German chancellor Angela Merkel's political party rocked by members' neo-Nazi link allegations
There have been several recent far-right terrorist attacks in Germany.
Angela Merkel’s center-right party, the Christian Democratic Union (CDU), has been rocked by accusations that several of its officials maintain ties to far-right, survivalist groups with neo-Nazi links.
These allegations come as Germany has experienced several high profile, far-right terrorist attacks, including the killing of pro-refugee CDU politician Walter Luebcke, and the Yom Kippur attacks on a synagogue in Halle.
Last week, Robert Möritz, a CDU official in an east German state, verified his membership in Uniter, a group claiming it is a support network for active and former members of German security forces.
While a legally registered association, Uniter’s links to far-right, survivalist groups have gained significant media attention recently.
Several of the organization’s online chat rooms, set up by its leader, Andre Schmitt, who is currently standing trial for weapons and explosives violations, contain subgroups where members discuss preparing for the end of the established world order.
Some of these chats, according to the Guardian, consider the threat of Islamic terrorist attacks, planning to confront them by hoarding weapons, food and supplies.
On Sunday, Möritz said he canceled his Uniter membership, writing in a statement, "Please grant that I have evolved as a person and a human being."
However, his social media presence also showed that he participated in a 2011 neo-Nazi rally in the same city where a white supremacist attacked a synagogue this year.
Critics point out that the politician also has a black sun tattoo, a symbol embraced by far-right groups.
In recent days, other regional CDU officials have been linked to Uniter. Kai Mehliss, who also serves in the same regional branch of the CDU as Möritz, is listed as a member according to a report from the Guardian.
Despite a growing public backlash against Möritz, his regional CDU has refused to expel him from the party. Last week, the local party unanimously backed him, saying in a statement that Möritz has distanced himself from extremist tendencies.
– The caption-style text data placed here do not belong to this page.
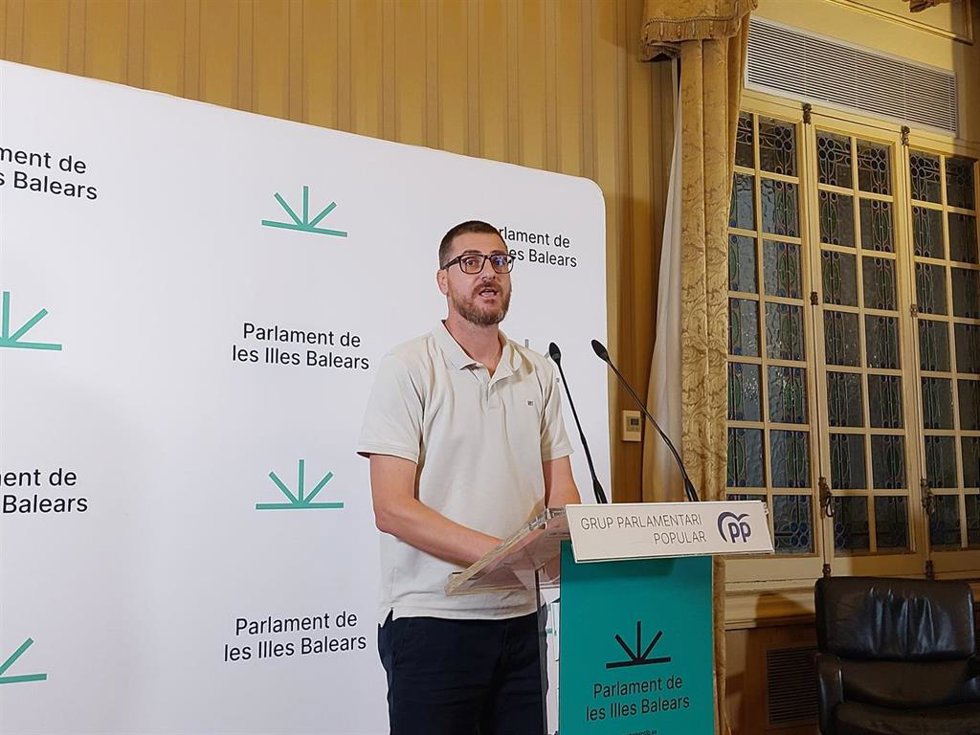 El portavoz parlamentario del PP, Sebasti Sagreras, en rueda de prensa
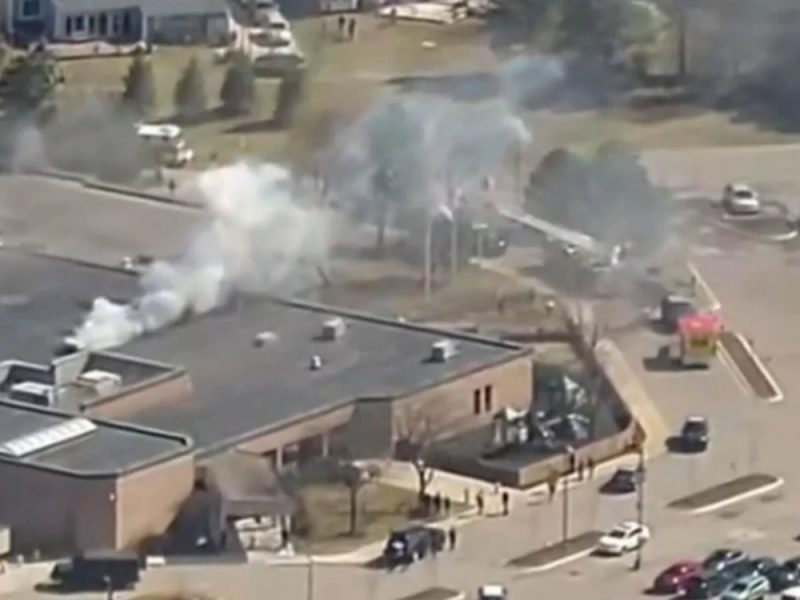 OPSADNO STANJE U MIČIGENU: Likvidiran napadač koji je vozilom uleteo u sinagogu, FBI ispituje motive! (VIDEO)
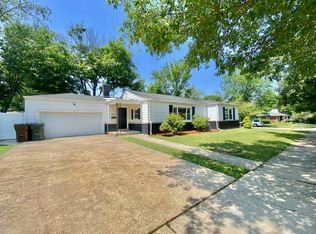 830 Latimer Ln, Flossmoor, IL 60422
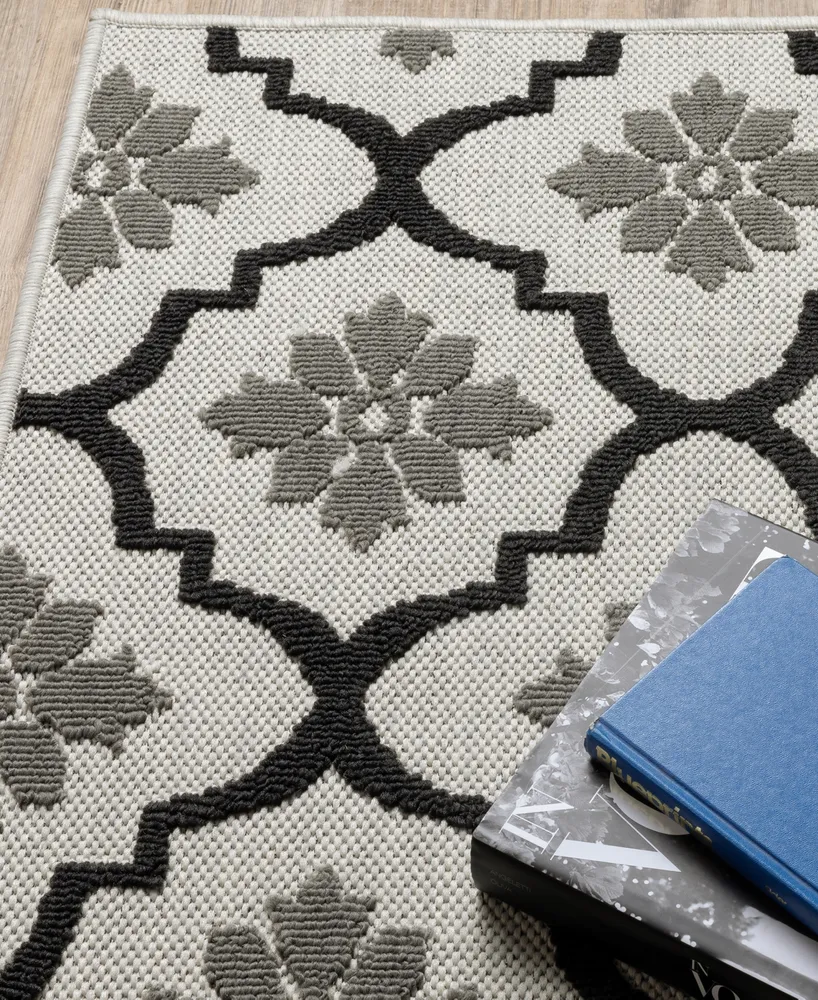 Oriental Weavers Torrey 5562E 6'7" x 9'2" Area Rug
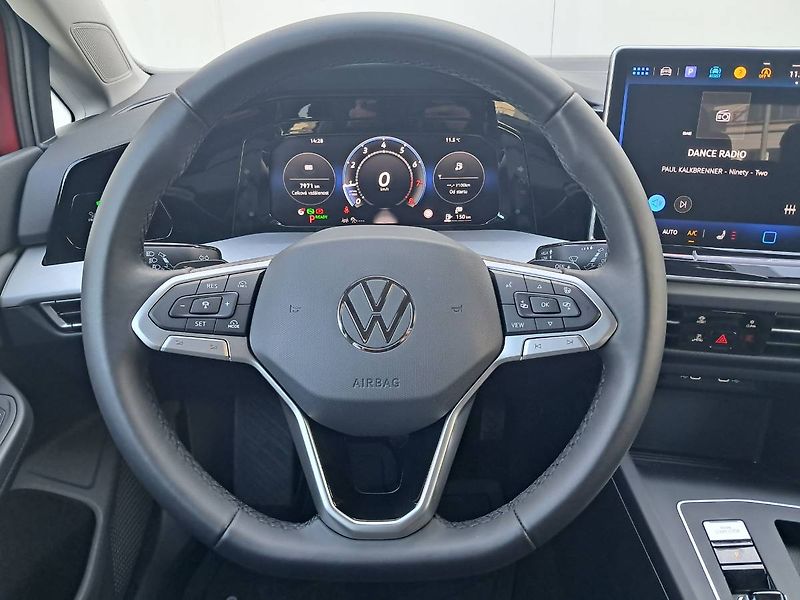 Volkswagen Golf (2025) People 1.5 eTSI / 85 kW DSG7 m - fotka 6 z 30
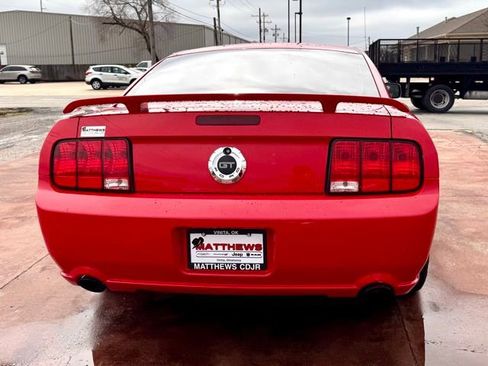 Used 2006 Ford Mustang GT Premium RWD image 4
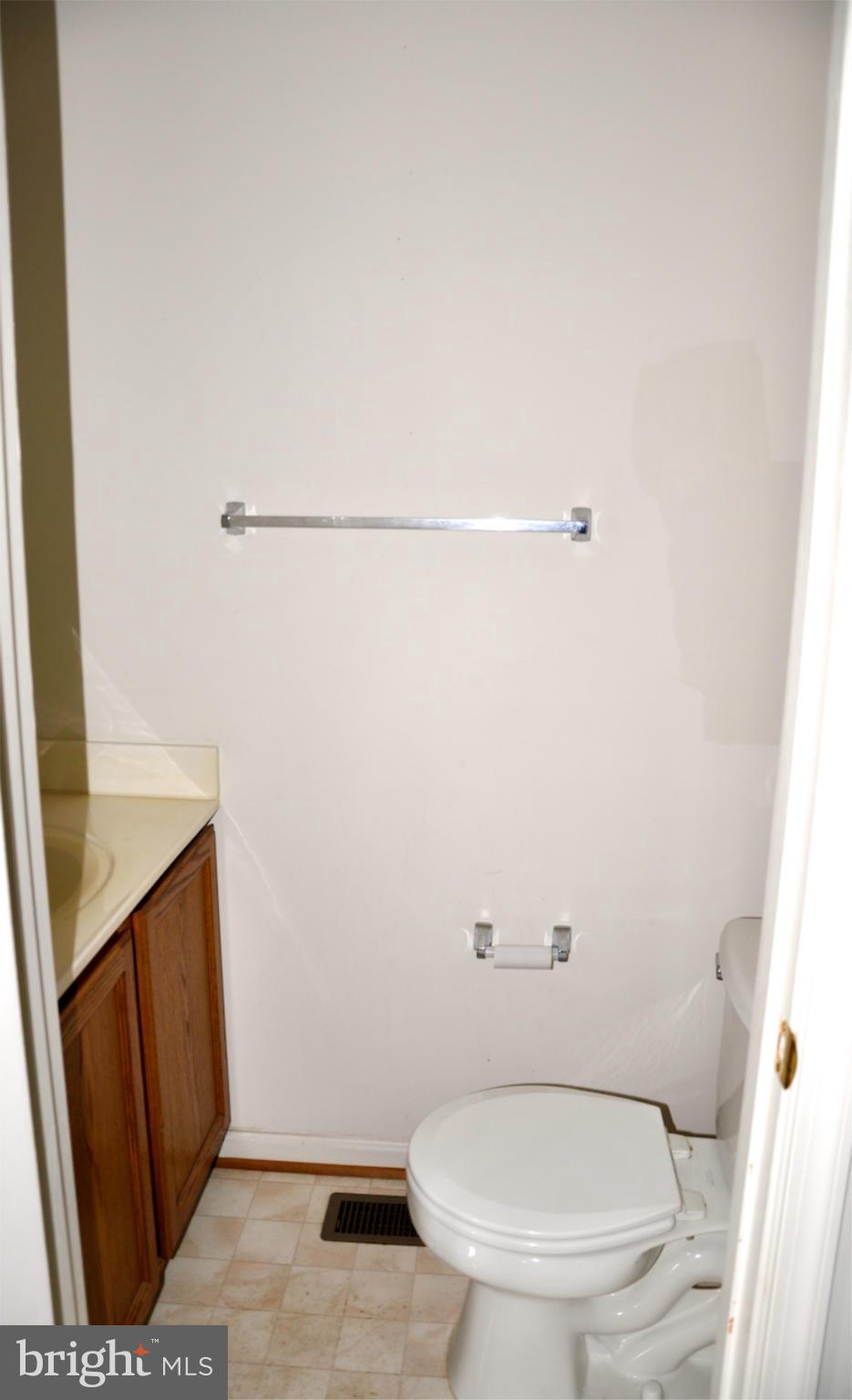 7393 Maury Road Baltimore, MD 21244 - Photo 12 of 21 Bath Main Level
Still, the accusations have unsettled political parties serving in fragile regional coalitions with the CDU.
The Greens, serving in a coalition with Merkel’s party in Möritz’s state of Saxony-Anhalt, released a statement saying, “How much space for swastikas is there in the CDU?”
"We believe that the national CDU ... should intervene and make clear that this is unacceptable," Saskia Esken, the leader of the center-left Social Democratic Party (SPD), told reporters Monday.
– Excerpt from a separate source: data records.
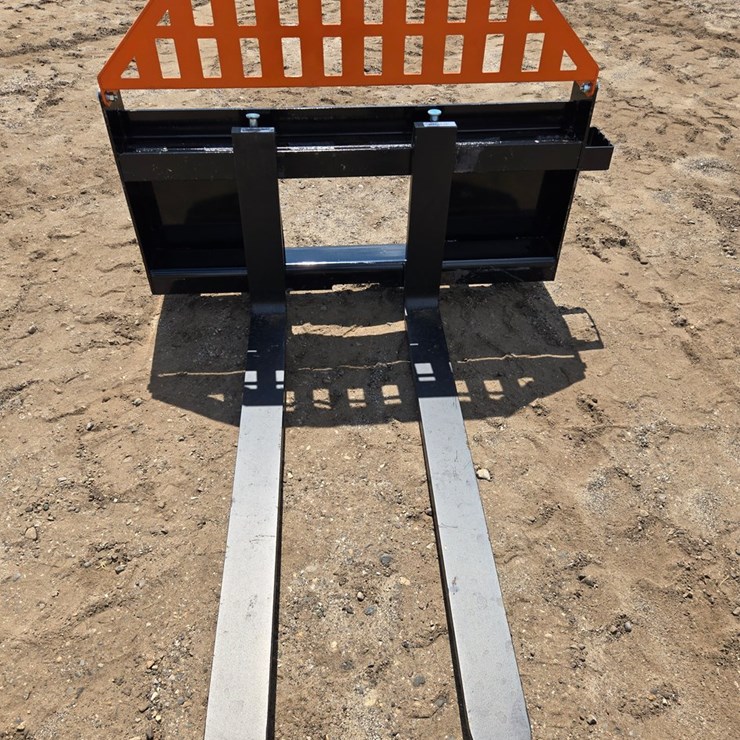 #2230 • (Edmore)wolverine 48" pallet forks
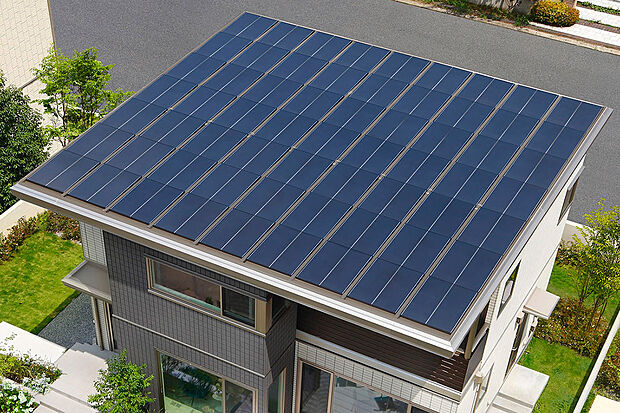 【太陽光発電システム（5.76kW）】(1)屋根一面に設置したソーラーがたっぷり発電。
(2)もしもの災害時でも電気を使える安心。
(3)ソーラー発電で月々の光熱費が抑えられます。
(4)テレワークで自宅の電力消費が増えても安心。
※メーカーのモデルチェンジにより、形状が変更となる場合があります。
(2)※事前に計画したコンセントでのみ電力使用が可能です。同時に使用できる電力には限りがあります。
"We take resolute and uncompromising action against all forms of right-wing extremism," Annegret Kramp-Karrenbauer, the leader of the CDU, said while visiting German troops stationed in Cyprus this week.
"If it turns out that this trust has been misused, then I believe that the appropriate consequences must also be drawn,” she added.
If the CDU’s coalition with the SPD and Greens falls apart in Saxony-Anhalt, the party would likely have to choose between a minority rule and governing with the far-right Alternative for Deutschland (AfD) party.
“(The CDU is) getting itself into deep trouble with losing voters. And so they've got to figure out how they reestablish their credibility,” Jeffrey Gedmin, editor of the American Interest, told ABC News.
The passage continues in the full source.